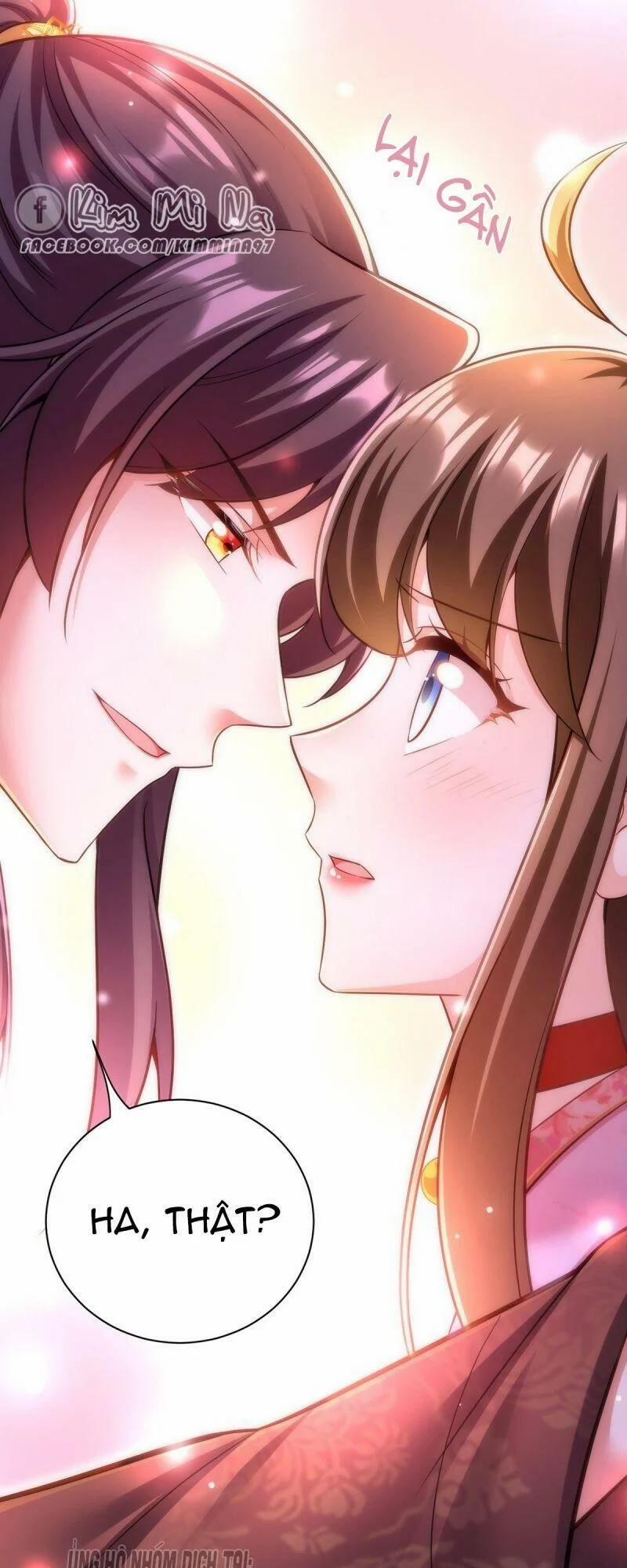 Ta Ở Hậu Cung Làm Lão Đại 39 trang 33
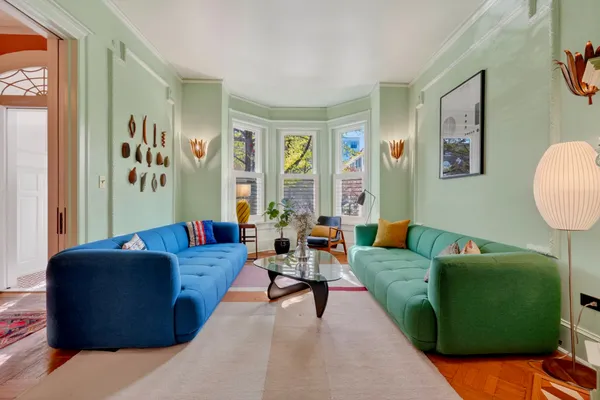 $2,100,000 | 1781 Lanier Place Northwest, Washington, DC 20009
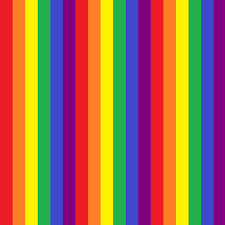 Rainbow paint stripes background free sublimation print. Colorful Fabrics Digitally Printed By Spoonflower Rainbow Pride Stripes 1 2 Inch Vertical In 2021 Rainbow Wallpaper Iphone Stripe Iphone Wallpaper Rainbow Wallpaper Backgrounds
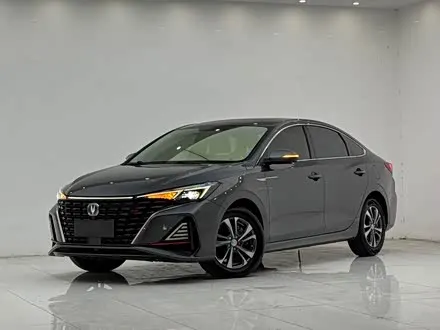 CHANGAN EADO — из Китая под ключ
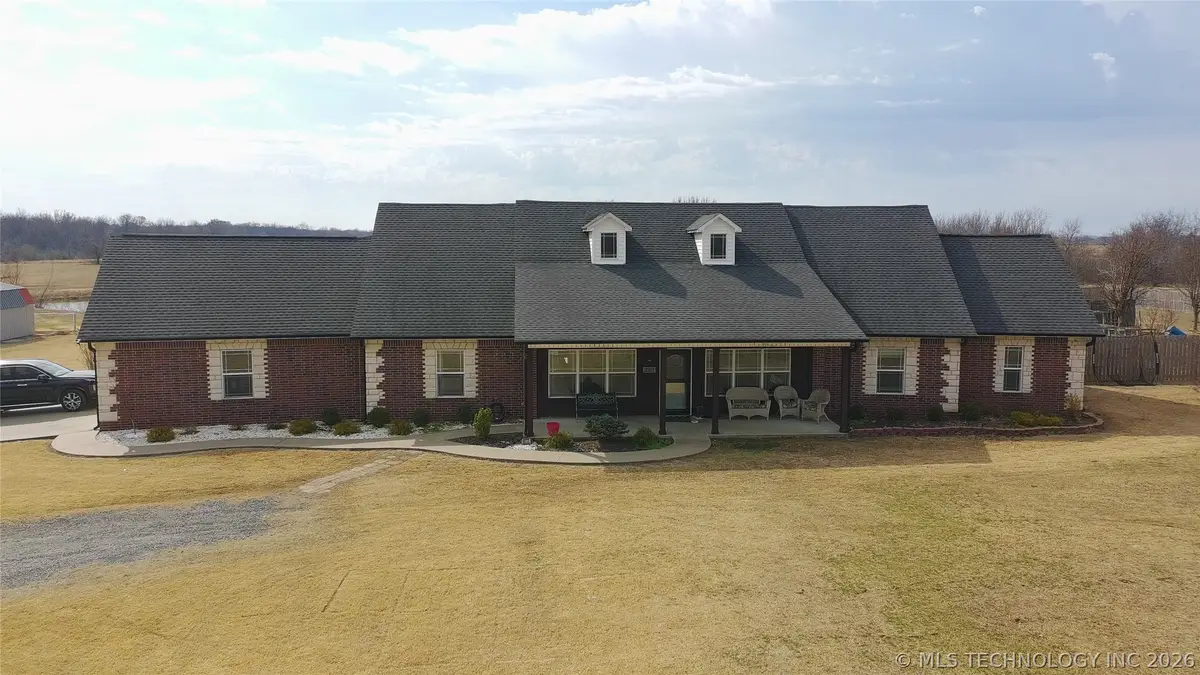 2071 E 53rd, Muskogee, OK 74403 - #1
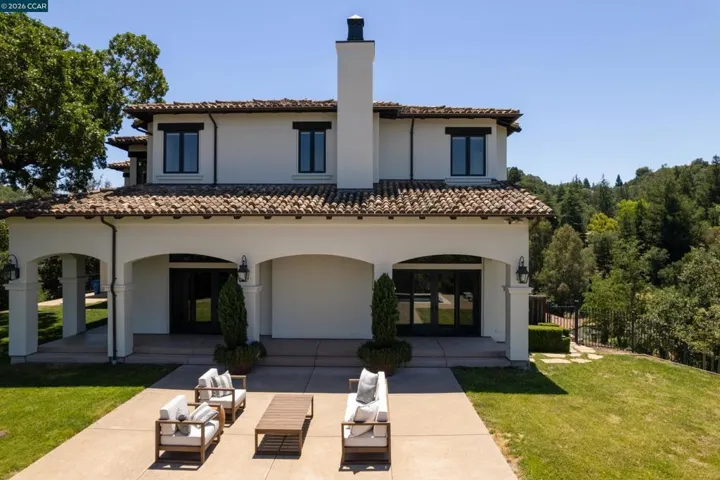 32 Copenhagen Ct, Alamo, California 94507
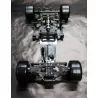 Kit chassis CRF-1 Pro racing
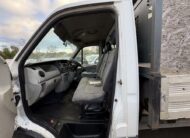 2006 Renault Master – Model: Master CCML35 dCi 100 MWB – FE56JHY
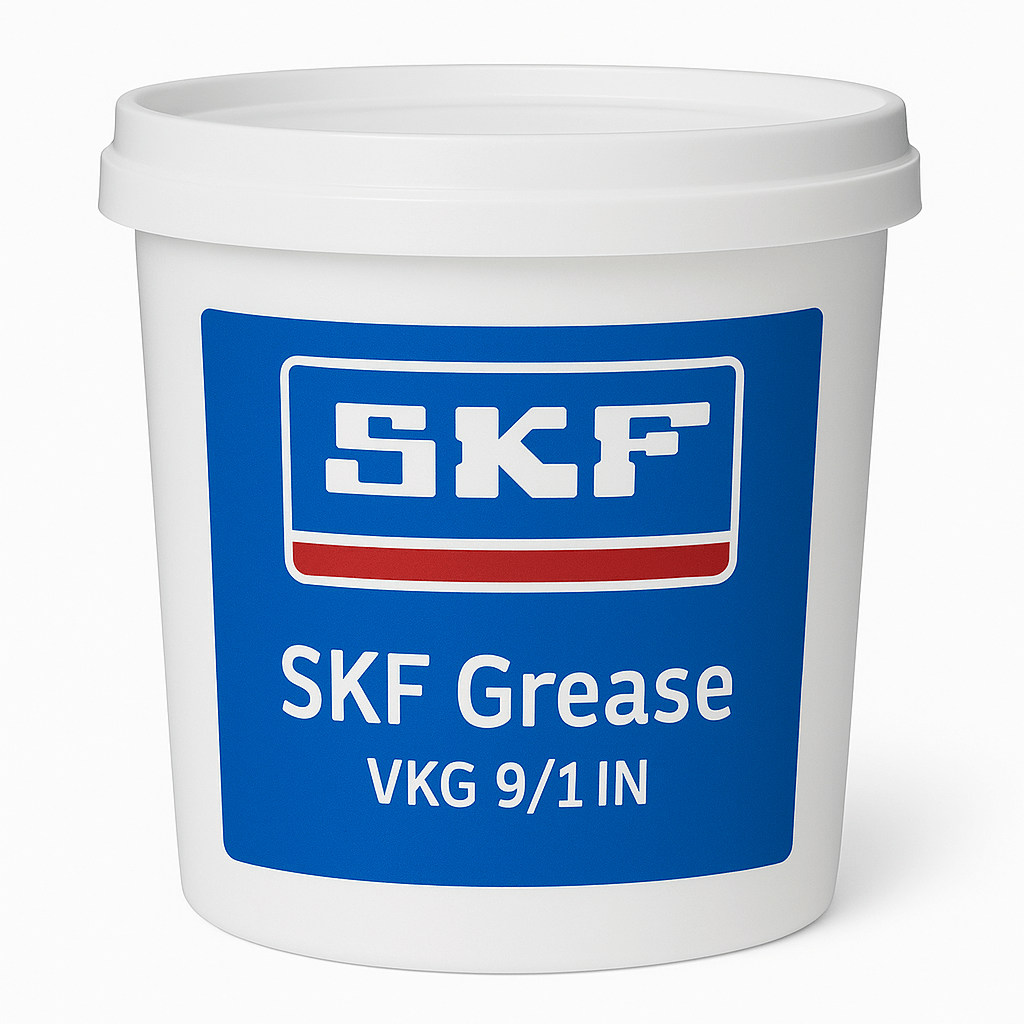 VKG 9-1 IN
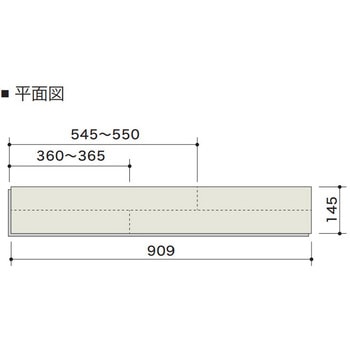 ライブナチュラル MSX ネダレスHLBF LL45 朝日ウッドテック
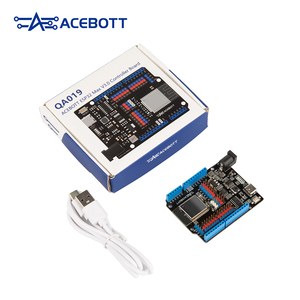 Robotlinking ESP32 Max V3.0 Development Board Compatible with <strong>Arduino</strong> With 1M Type-C Cable - Product Image 2
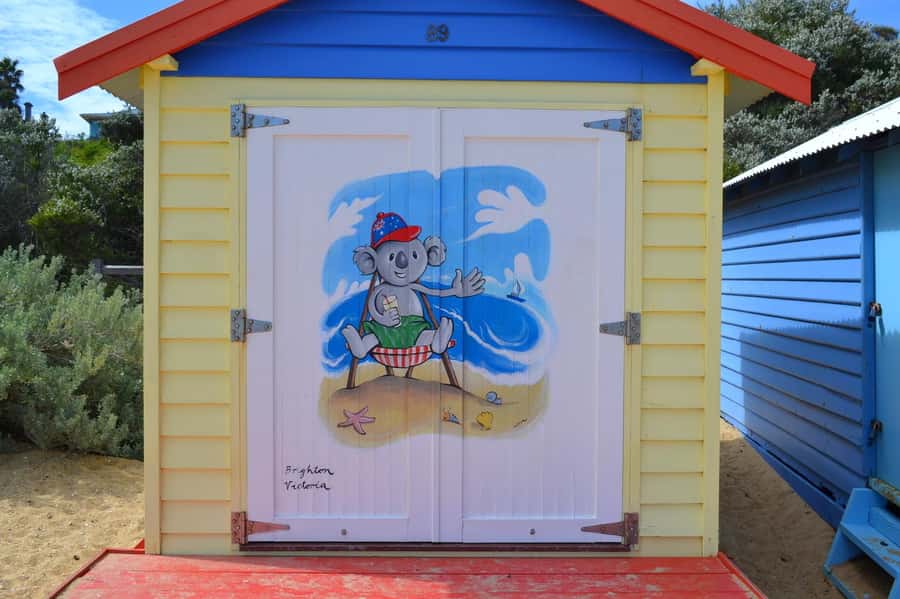 Melbourne: Private Melbourne City Tour with Stops - Dendy Street Beach and its famous bathing huts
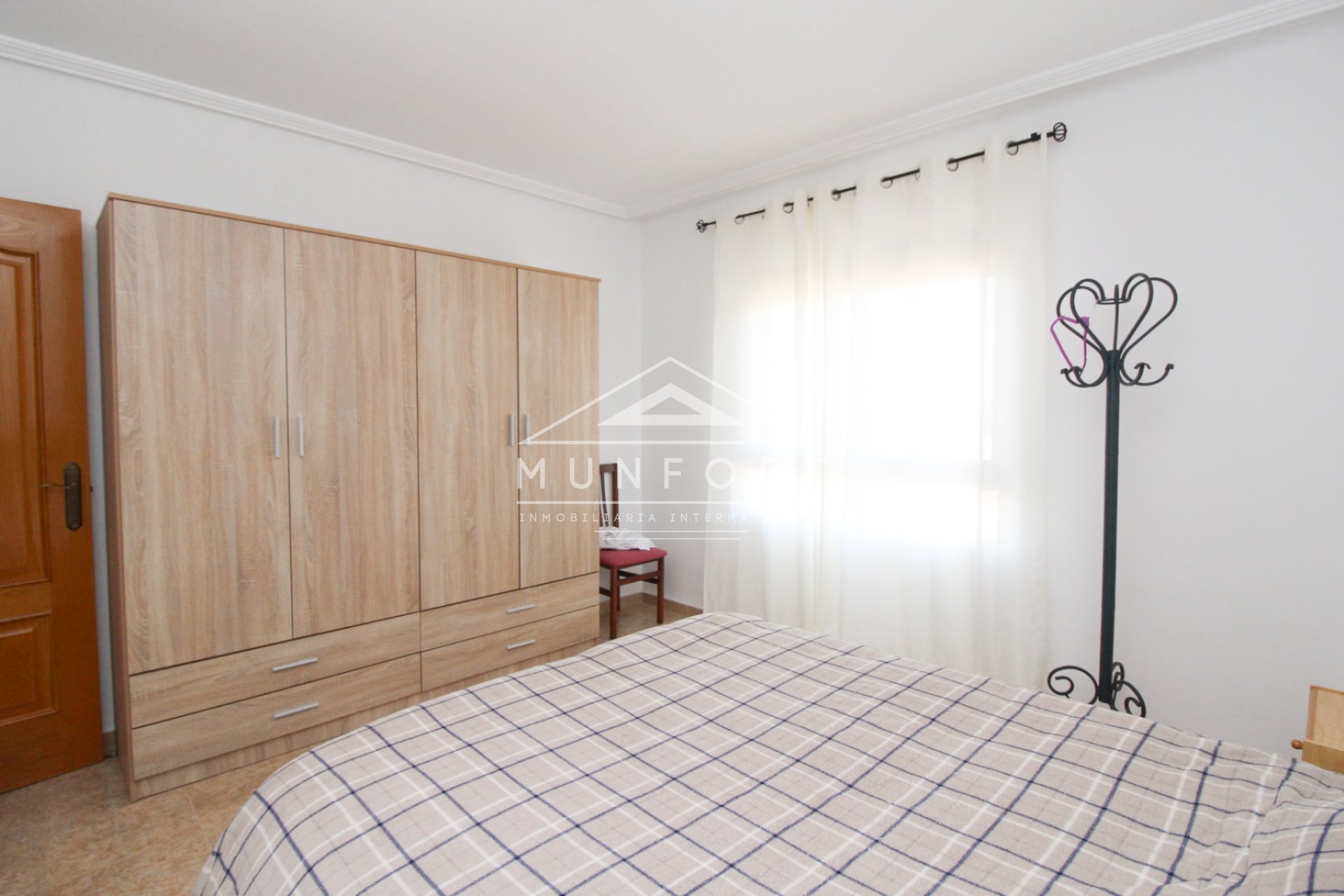 Herverkoop - Appartementen -
Los Urrutias - EL CARMOLI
+ + + + +
■ EXERCISE OBJECTIVE
Only those lines from the one containing "CHANGAN EADO — из Китая под ключ" to the end of the material above, retyped exactly and without pictures, belong in your reply.

■ PROBLEM SOLUTION
 CHANGAN EADO — из Китая под ключ
 2071 E 53rd, Muskogee, OK 74403 - #1
 32 Copenhagen Ct, Alamo, California 94507
 Kit chassis CRF-1 Pro racing
 2006 Renault Master – Model: Master CCML35 dCi 100 MWB – FE56JHY
 VKG 9-1 IN
 ライブナチュラル MSX ネダレスHLBF LL45 朝日ウッドテック
 Robotlinking ESP32 Max V3.0 Development Board Compatible with <strong>Arduino</strong> With 1M Type-C Cable - Product Image 2
 Melbourne: Private Melbourne City Tour with Stops - Dendy Street Beach and its famous bathing huts
 Herverkoop - Appartementen -
Los Urrutias - EL CARMOLI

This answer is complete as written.